Social media censoring conservatives is nothing new, and in the last few years, it has been well documented. Last year, James O’Keefe’s Project Veritas released a series of undercover videos exposing Twitter and their practice of “shadow banning” individuals that they deem, in their words, “shitty.” And when it comes to censoring, Twitter is no stranger to permanently banning voices they don’t like, or not enforcing the company’s community guidelines equally across the political spectrum. Yesterday, amid the Michael Cohen nothing-burger saga, Project Veritas released a very worthwhile report and shocking expose, this time, on Facebook’s practices of “deboosting” conservative profiles and their content.
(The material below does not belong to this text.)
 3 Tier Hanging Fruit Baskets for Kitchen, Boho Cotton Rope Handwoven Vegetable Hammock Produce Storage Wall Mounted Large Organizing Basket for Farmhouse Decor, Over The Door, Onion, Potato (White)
On a personal level, I am not a fan of Facebook. I left the platform 5 years ago and I haven’t felt a void in my life because of that. I think the idea of the platform is great but it was useless and a waste of time. Once I started this blog, however, I decided to go back and create a page for The Daily Viper. Now, I am not a news source or a news website. Roaming through political thought and political news is my hobby and I very much enjoy sharing my opinion with the world on things that I read throughout the day, or watch on Youtube. That being said, The Daily Viper page got deleted without any notice or explanation. Good thing I didn’t care that much about the deletion of the page itself, so I didn’t lose a lot of sleep crying into my pillow about it. But it is telling and it is disturbing that the company obviously doesn’t want people to make their own decisions and trust their own judgment as to whose content they want to read and whom they want to follow. Instead, the company prefers to engineer your choices and tell you whom you should trust and follow, and control how much access you have to what information.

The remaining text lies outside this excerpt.